When Lee and Murray Seeman moved to Great Neck and built their house in 1955, Lee recalled, her mother encouraged her to get involved.

Seeman promptly volunteered for the Adlai Stevenson presidential campaign and since then, she said, she hasn’t stopped trying to give back to the community.

“When there’s a problem, I try to get the two sides together and have a meeting and hash it out,” Seeman, who has served as a town councilwoman since 2005, said in an interview. “This is what I do. I love bringing people together.”

Seeman, 89, is seeking her fourth term as a councilwoman for the 5th District. She is opposed by a Republican, Richard DeMartino, a business development officer for banks and a longtime member of local Chambers of Commerce.

The fifth district of the Town of North Hempstead includes the western portion of Great Neck, North New Hyde Park, and a part of Floral Park. (Map courtesy of the Town of North Hempstead)

The 5th Council District in the Town of North Hempstead includes North New Hyde Park, Garden City Park, Floral Park and the villages of Great Neck Estates, Great Neck Plaza, University Gardens, Russell Gardens, Lake Success and other unincorporated areas.

Seeman said her position as a councilwoman is more than a full-time job for her. She said she has gone to countless ribbon cuttings, made connections with state officials and worked on a number of passion projects, including the Clinton G. Martin pool in New Hyde Park and beautifying the road medians with trees and bushes.

“People seeking to buy a home can see they have this gorgeous park. What this does to New Hyde Park is wonderful for people searching for a home and for people living there,” Seeman said, noting the importance of beautification projects for the town.

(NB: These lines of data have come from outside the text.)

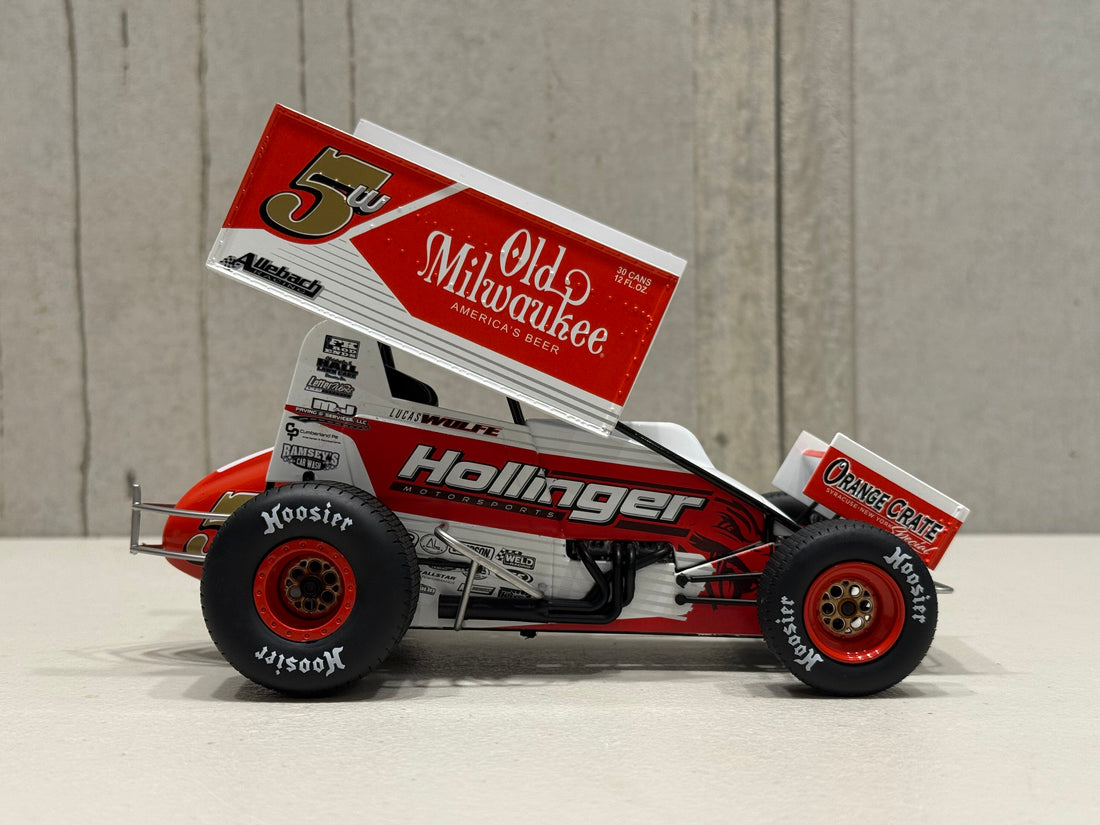 LUCAS WOLFE - 2024 #5w OLD MILWAUKEE SPRINT CAR - 1:18 SCALE DIECAST MODEL - ACME
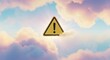 © Pastelberry - Surreal concept of a divine warning, a yellow hazard symbol glowing amidst heavenly clouds at sunrise or sunset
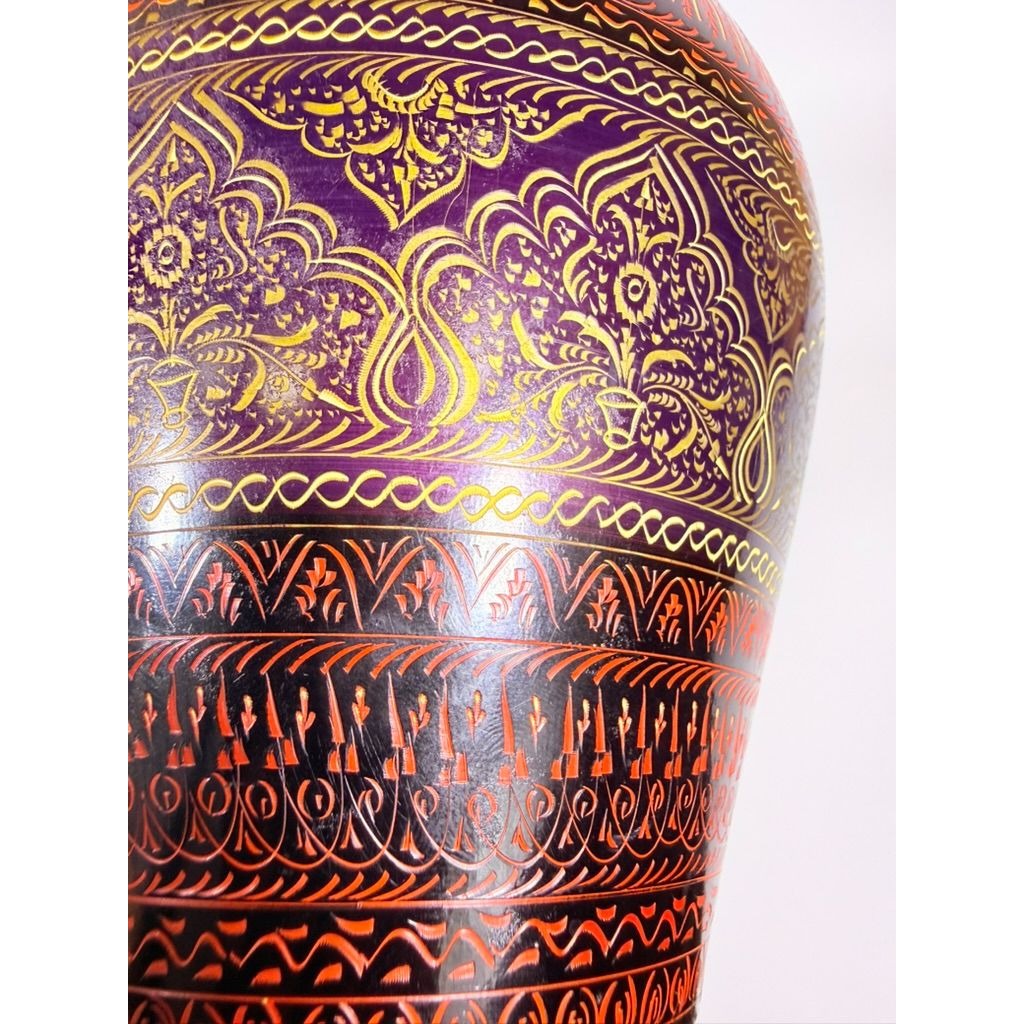 Jar Urn Canister Hand Carved Wooden Lacquer Pakistan Naqashi Turkish Handcrafted Shelf Kitchen Kitchen Decor Red Black Flower Floral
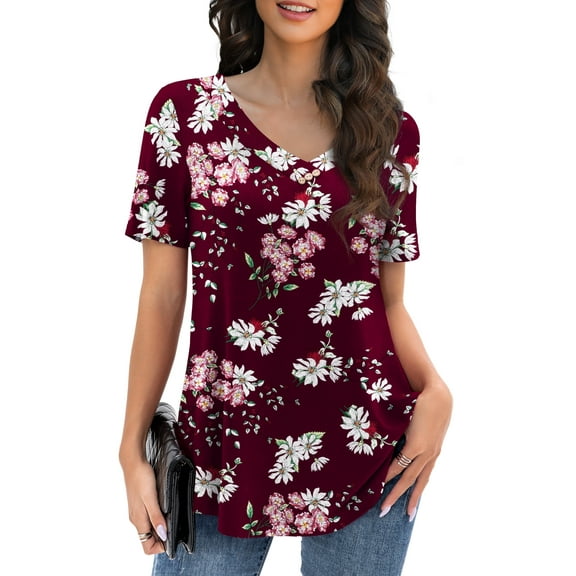 VOIANLIMO Womens Plus Size Casual Tops V Neck Short Sleeve Shirt Floral Blouses Tunic Tops M-4X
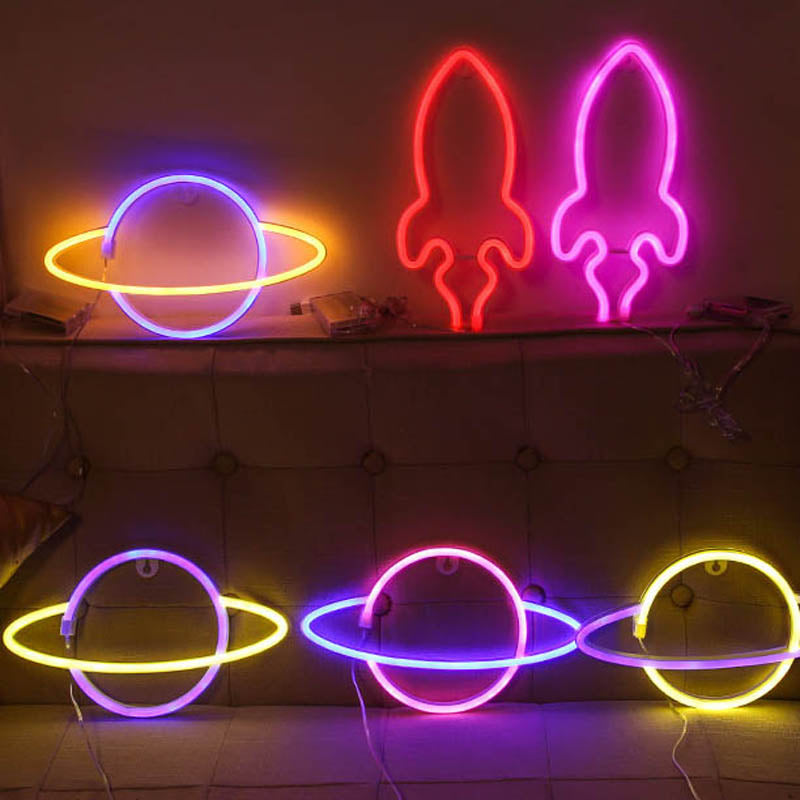 Rocket Neon LED Lights - Cosmic Charm!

Seeman has also served as the program director of the Great Neck Chamber of Commerce since 1975 and has been a New York State Democratic committeewoman since 1970, she said.

Seeman also worked with the U.S. Commission for the Preservation of America’s Heritage Abroad, U.S. Rep. Tom Suozzi’s review board for students applying to federal service academies and the W.F. Albright Institute for Archaeological Research in Jerusalem.

In regard to economic development, Seeman said the town is looking more into affordable housing and that a certain percentage of homes have to go to people with low income. She also expressed interest in meeting with the mayors and working more closely with the Chambers of Commerce.

“I would be a worker on that,” Seeman said.

Seeman also brought up the Building Department, which many Republican candidates lamented has been inefficient. She said that there is always room for improvement and that the process takes time, but that it has gotten much better.

“We can only do what we can do. We have a budget that we have to look at, but we’re doing the best we can with that Building Department,” Seeman said. “It’s much better than it was before.”

Ultimately, Seeman said there were never any second thoughts about running again and that she hopes to keep being able to meet and help the people of North Hempstead.

“I have to be out there,” Seeman said. “It’s very important to me.”

Lee was married to Murray Seeman, the former Mayor of Great Neck Estates, who died just over a week ago at 103. Together they raised four children and had seven grandchildren.

“I thought he would go on forever. That was me. He had a good run, [was a] good man, and he let me go out there and go out and do whatever I want to do for all the years,” Seeman said.

“Murray said I should run, that’s my life, this is what I do – going out to people, trying to solve problems, enjoying people,” she added.